* **Collected data**
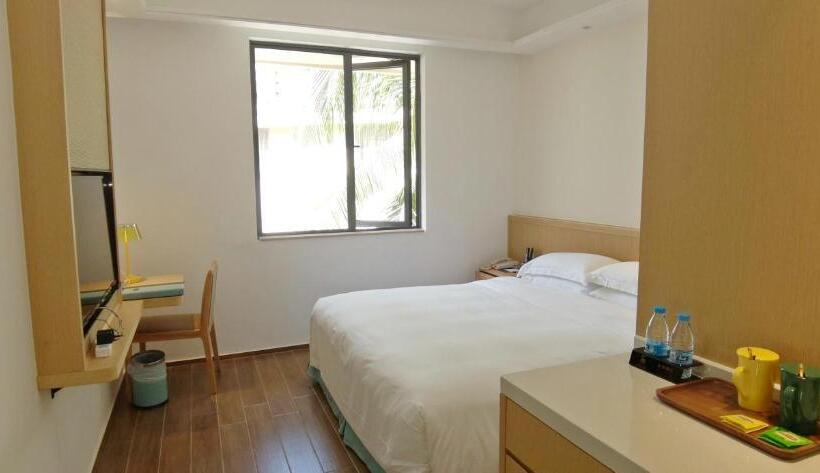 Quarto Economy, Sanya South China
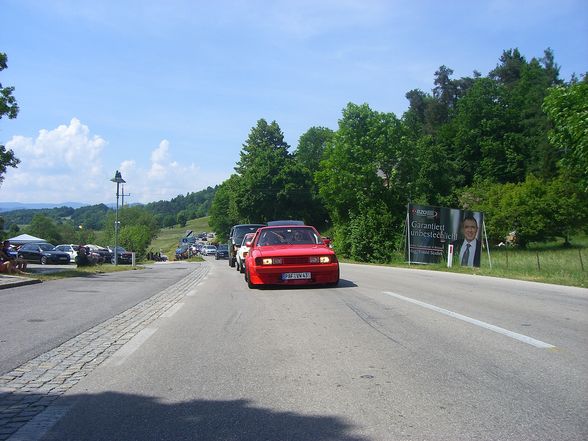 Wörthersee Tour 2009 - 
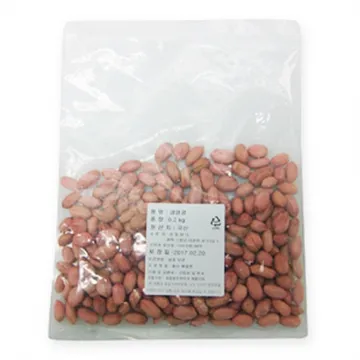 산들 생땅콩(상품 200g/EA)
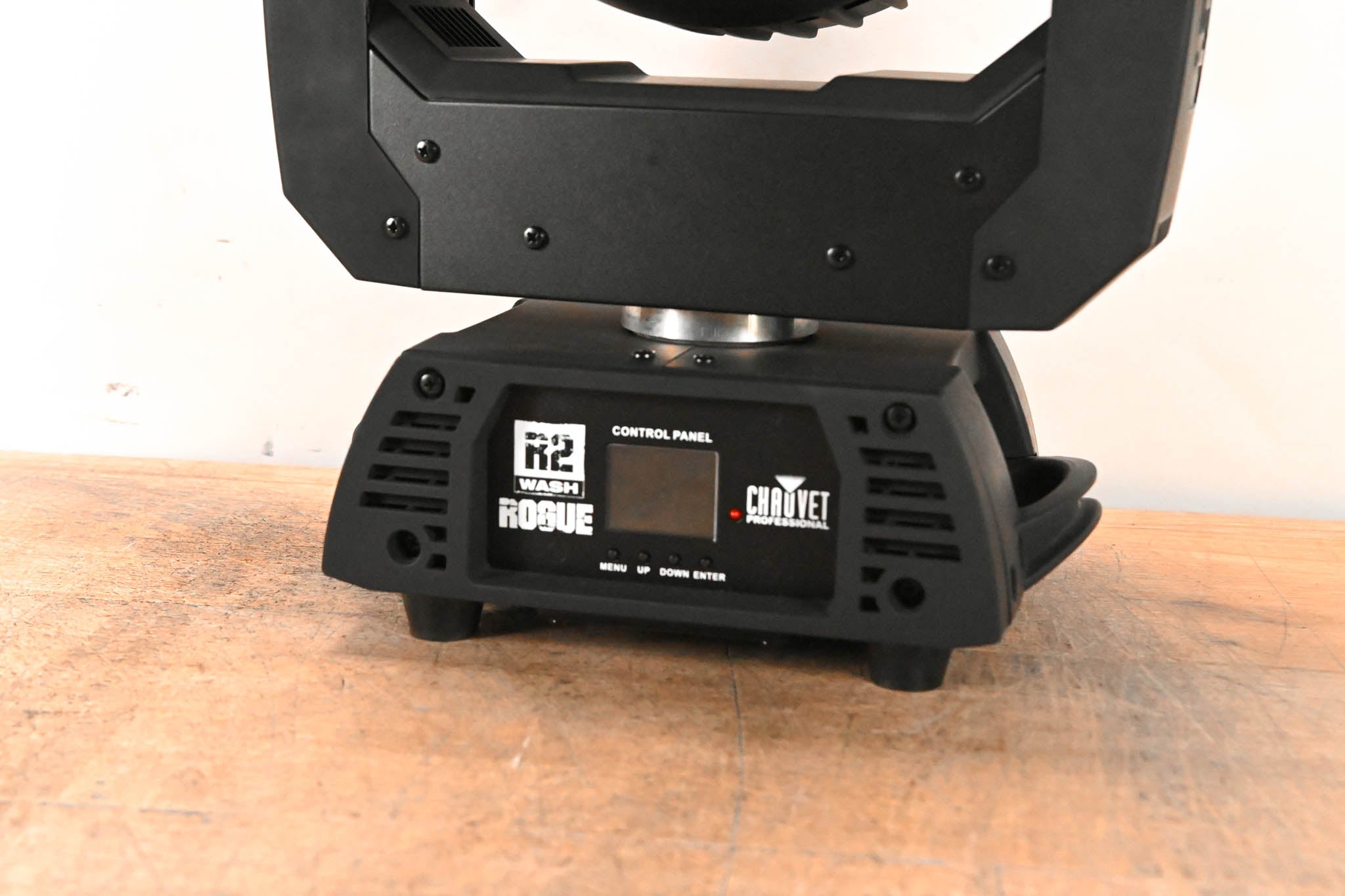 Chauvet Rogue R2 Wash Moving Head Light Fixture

* **Your objective**
What is needed is an exact copy of the data, without any pictures.

* **Final answer**
 Quarto Economy, Sanya South China
 Wörthersee Tour 2009 - 
 산들 생땅콩(상품 200g/EA)
 Chauvet Rogue R2 Wash Moving Head Light Fixture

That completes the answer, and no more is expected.